- [Exercise prompt] Leave out every line that comes before the one containing "Number 99023861.", and reproduce the rest of the listing below exactly, through its last line.

- [Provided information]
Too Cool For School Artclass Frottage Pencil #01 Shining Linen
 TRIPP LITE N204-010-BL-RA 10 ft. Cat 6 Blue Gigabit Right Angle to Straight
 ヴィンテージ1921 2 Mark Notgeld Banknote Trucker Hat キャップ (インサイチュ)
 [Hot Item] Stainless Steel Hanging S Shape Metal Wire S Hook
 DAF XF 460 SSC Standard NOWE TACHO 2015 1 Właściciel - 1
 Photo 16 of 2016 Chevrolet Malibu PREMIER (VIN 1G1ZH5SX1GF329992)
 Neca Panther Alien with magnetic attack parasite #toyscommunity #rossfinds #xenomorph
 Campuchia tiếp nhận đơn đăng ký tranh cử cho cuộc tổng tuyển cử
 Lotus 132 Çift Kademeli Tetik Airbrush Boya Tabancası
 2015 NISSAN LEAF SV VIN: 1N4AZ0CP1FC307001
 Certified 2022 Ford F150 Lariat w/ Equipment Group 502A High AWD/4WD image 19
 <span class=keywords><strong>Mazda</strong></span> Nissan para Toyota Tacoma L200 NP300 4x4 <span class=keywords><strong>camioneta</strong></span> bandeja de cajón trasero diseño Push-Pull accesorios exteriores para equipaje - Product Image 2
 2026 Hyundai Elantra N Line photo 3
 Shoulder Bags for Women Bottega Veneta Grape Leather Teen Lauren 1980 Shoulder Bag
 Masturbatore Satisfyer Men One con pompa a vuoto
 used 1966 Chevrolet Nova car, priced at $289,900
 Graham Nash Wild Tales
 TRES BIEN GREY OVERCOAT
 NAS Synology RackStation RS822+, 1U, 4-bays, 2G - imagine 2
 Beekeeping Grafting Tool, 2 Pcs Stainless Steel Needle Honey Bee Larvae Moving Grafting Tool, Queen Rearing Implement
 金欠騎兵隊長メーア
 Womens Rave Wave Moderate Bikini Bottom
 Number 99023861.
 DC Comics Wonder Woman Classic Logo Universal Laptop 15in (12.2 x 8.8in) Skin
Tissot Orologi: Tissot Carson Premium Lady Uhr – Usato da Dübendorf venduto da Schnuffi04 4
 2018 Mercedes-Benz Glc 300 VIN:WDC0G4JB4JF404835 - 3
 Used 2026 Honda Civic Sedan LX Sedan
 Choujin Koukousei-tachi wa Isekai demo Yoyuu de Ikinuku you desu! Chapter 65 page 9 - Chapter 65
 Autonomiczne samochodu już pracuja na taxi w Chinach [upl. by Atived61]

- [Task result]
 Number 99023861.
 DC Comics Wonder Woman Classic Logo Universal Laptop 15in (12.2 x 8.8in) Skin
Tissot Orologi: Tissot Carson Premium Lady Uhr – Usato da Dübendorf venduto da Schnuffi04 4
 2018 Mercedes-Benz Glc 300 VIN:WDC0G4JB4JF404835 - 3
 Used 2026 Honda Civic Sedan LX Sedan
 Choujin Koukousei-tachi wa Isekai demo Yoyuu de Ikinuku you desu! Chapter 65 page 9 - Chapter 65
 Autonomiczne samochodu już pracuja na taxi w Chinach [upl. by Atived61]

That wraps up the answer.